Genau das aber hat Ende vergangener Woche einen Brief an die Innenministerkonferenz der Länder verschickt. Das Schreiben liegt dem WDR vor. Daraus wird deutlich, dass eine Verlängerung des Abschiebestopps zwar unterstützt wird. Es solle zuvor aber geklärt werden, ob es Länder gibt, die einer Verlängerung bis Ende 2023 widersprechen. "Sofern kein Widerspruch eingeht, erteilt das BMI hiermit sein Einvernehmen zur Fortgeltung des Abschiebungsstopps bis zum 31. Dezember 2023", heißt es.
Das heißt, bevor das Bundesinnenministerium sein Einvernehmen erteilt, will es sich erst das Einvernehmen der Länder einholen. Ein Sprecher sagte am Montag auf WDR-Anfrage, man komme nicht umhin, den Konsens unter den Bundesländern festzustellen. Man halte sich an die "üblichen Verfahren".

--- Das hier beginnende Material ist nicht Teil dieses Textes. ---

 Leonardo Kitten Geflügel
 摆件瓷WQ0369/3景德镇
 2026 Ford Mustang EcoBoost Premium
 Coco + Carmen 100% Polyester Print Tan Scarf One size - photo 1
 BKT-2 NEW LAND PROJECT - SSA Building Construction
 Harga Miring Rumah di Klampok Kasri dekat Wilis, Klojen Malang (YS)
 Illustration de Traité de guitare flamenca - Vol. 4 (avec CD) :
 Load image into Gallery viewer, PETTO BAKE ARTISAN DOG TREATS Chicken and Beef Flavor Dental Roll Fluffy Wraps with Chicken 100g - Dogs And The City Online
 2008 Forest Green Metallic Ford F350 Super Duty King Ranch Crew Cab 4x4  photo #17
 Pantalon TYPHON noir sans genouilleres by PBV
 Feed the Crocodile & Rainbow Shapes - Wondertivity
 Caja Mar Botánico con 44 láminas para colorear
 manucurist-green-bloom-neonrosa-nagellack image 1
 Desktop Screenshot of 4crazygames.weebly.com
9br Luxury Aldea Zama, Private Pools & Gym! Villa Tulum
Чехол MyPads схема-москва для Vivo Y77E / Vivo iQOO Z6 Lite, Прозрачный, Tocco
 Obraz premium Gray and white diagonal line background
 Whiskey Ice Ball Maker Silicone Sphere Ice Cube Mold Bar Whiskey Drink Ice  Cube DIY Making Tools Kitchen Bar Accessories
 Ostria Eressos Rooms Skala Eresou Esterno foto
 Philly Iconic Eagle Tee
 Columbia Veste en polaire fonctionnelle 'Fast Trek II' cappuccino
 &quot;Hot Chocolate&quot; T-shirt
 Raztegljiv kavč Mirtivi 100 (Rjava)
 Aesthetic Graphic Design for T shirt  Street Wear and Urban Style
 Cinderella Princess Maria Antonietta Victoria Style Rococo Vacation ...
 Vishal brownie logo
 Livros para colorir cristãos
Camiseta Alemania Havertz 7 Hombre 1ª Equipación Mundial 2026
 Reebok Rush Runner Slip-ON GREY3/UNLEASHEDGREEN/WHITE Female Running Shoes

Die SPD in NRW meint nun, dass ihre Bundesinnenministerin in Berlin, Nancy Faeser, mit dem Brief die Grundlage für einen Abschiebestopp gegeben habe. "Das hat die Bundesregierung gegenüber Frau Paul auch unmissverständlich klargestellt. Sie kann und muss den Abschiebestopp daher jetzt unverzüglich verlängern", sagte Fraktionsvize Lisa-Kristin Kapteinat am Montag dem WDR. Also alles ganz einfach?
Eher nicht. Denn die zuständige NRW-Flüchtlingsministerin Paul sieht das anders. Sie sagte am Montag dem WDR, das Innenministerium erteile "eben gerade nicht seine Zustimmung, sondern stellt sie lediglich in Aussicht". Es reiche nicht, wenn man grundsätzlich bereit sei, das Einvernehmen zu erteilen und es daran knüpfe, dass die Länder noch eine Abfrage durchführen. "Wir brauchen hier keine unnötigen Abstimmungsrunden unter den Ländern, sondern die sofortige Zustimmung des Bundes."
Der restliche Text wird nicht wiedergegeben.